__Given data__.
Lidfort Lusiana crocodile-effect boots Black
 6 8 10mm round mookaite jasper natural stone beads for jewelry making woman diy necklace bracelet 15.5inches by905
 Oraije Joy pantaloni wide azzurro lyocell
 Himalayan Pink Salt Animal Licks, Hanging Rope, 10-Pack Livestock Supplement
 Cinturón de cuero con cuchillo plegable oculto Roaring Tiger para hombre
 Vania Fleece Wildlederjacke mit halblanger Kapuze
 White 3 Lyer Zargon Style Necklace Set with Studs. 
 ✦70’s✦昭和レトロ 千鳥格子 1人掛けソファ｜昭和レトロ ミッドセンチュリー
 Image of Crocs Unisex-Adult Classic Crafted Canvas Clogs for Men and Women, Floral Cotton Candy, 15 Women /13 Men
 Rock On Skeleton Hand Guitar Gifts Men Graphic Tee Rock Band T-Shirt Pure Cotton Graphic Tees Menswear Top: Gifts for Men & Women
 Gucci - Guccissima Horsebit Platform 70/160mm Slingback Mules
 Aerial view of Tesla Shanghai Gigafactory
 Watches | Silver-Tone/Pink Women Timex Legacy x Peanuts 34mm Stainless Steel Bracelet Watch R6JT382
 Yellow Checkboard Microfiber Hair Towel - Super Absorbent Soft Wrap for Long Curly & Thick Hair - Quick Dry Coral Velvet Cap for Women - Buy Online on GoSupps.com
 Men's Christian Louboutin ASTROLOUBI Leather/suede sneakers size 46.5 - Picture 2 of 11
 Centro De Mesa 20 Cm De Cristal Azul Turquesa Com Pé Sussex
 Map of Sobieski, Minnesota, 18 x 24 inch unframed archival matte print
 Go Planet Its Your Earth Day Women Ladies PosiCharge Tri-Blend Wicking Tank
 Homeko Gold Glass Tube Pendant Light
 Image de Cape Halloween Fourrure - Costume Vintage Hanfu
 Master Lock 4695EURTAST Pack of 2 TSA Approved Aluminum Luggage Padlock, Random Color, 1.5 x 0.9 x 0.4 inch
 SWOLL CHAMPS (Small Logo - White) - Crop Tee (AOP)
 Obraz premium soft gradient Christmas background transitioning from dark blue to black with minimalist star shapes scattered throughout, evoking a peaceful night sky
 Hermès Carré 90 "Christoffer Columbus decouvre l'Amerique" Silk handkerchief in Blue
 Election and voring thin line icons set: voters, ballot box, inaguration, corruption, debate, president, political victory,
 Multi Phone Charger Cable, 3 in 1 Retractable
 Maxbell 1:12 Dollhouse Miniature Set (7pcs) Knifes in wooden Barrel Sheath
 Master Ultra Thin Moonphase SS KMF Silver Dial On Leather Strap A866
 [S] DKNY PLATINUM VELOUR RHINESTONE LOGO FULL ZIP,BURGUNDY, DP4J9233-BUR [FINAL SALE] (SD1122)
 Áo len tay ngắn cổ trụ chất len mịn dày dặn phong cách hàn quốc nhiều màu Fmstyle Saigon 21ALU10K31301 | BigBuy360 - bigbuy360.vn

__Instructions to follow__. Using the entries above, return exactly the lines from the line with "Himalayan Pink Salt" to the line with "Rock On Skeleton", counting both of those lines.

__Exercise result__.
 Himalayan Pink Salt Animal Licks, Hanging Rope, 10-Pack Livestock Supplement
 Cinturón de cuero con cuchillo plegable oculto Roaring Tiger para hombre
 Vania Fleece Wildlederjacke mit halblanger Kapuze
 White 3 Lyer Zargon Style Necklace Set with Studs. 
 ✦70’s✦昭和レトロ 千鳥格子 1人掛けソファ｜昭和レトロ ミッドセンチュリー
 Image of Crocs Unisex-Adult Classic Crafted Canvas Clogs for Men and Women, Floral Cotton Candy, 15 Women /13 Men
 Rock On Skeleton Hand Guitar Gifts Men Graphic Tee Rock Band T-Shirt Pure Cotton Graphic Tees Menswear Top: Gifts for Men & Women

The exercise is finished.